Wann ist eine fristlose Kündigung möglich?

Eine fristlose Kündigung ist bei Vorliegen eines "wichtigen Grundes" gemäß § 626 BGB möglich. Dies umfasst schwerwiegende Pflichtverletzungen wie Diebstahl, Betrug, Gewalt, Mobbing oder beharrliche Arbeitsverweigerung. Entscheidend ist, dass die Fortsetzung des Arbeitsverhältnisses bis zum Ablauf der regulären Kündigungsfrist für den Arbeitgeber unzumutbar ist.

Muss eine Abmahnung vor der fristlosen Kündigung erfolgen?

In der Regel ist eine vorherige Abmahnung erforderlich. Ausnahmen gelten bei besonders schweren Verstößen, wenn eine Abmahnung keinen Erfolg verspricht oder die Pflichtverletzung so schwerwiegend ist, dass eine Fortsetzung des Arbeitsverhältnisses von vornherein ausgeschlossen erscheint.

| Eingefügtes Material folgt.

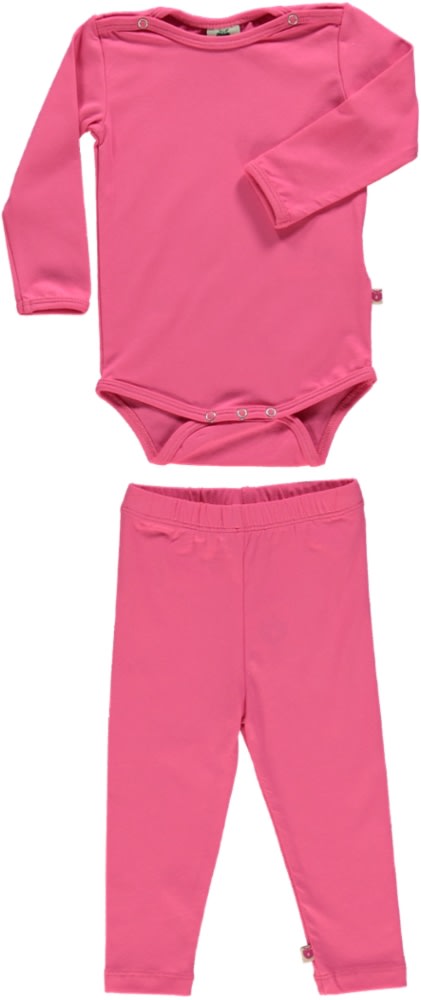 Set with long-sleeved baby bodysuit and leggings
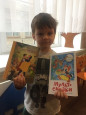  АКЦИЯ "ПОДАРИ КНИГУ". В АКЦИИ УЧАВСТВОВАЛИ ДЕТИ 1 МЛАДШЕЙ ГРУППЫ- ЛАЗЕБНЫЙ МАТВЕЙ И ДМИТРИЕВА ДАША.СПАСИБО ИМ БОЛЬШОЕ!!!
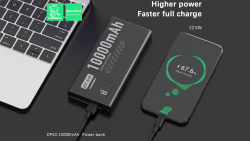 VDENMENV DP43 10000MAH 22.5W FAST CHARGE POWER BANK BLACK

Wie kann man sich gegen eine fristlose Kündigung wehren?

Der einzige Weg ist die Einreichung einer Kündigungsschutzklage beim Arbeitsgericht. Die Klagefrist beträgt drei Wochen ab Zugang der schriftlichen Kündigung. Gründe für eine erfolgreiche Klage können formale Fehler, fehlende oder unzureichende Kündigungsgründe oder das Fehlen einer erforderlichen Abmahnung sein.

Folgen für das Arbeitslosengeld?

Eine fristlose Kündigung führt in der Regel zu einer Sperrzeit beim Arbeitslosengeld von bis zu zwölf Wochen. Dies gilt jedoch nicht, wenn die Kündigung unberechtigt war oder der Arbeitnehmer sie nicht selbst verschuldet hat. Zur Vermeidung der Sperrzeit, kann eine Kündigungsschutzklage hilfreich sein.

Gibt es eine Frist für eine fristlose Kündigung?

Ja, der Arbeitgeber muss die Kündigung innerhalb von zwei Wochen nach Bekanntwerden des Kündigungsgrundes aussprechen (§ 626 BGB). Danach ist eine fristlose Kündigung nicht mehr möglich.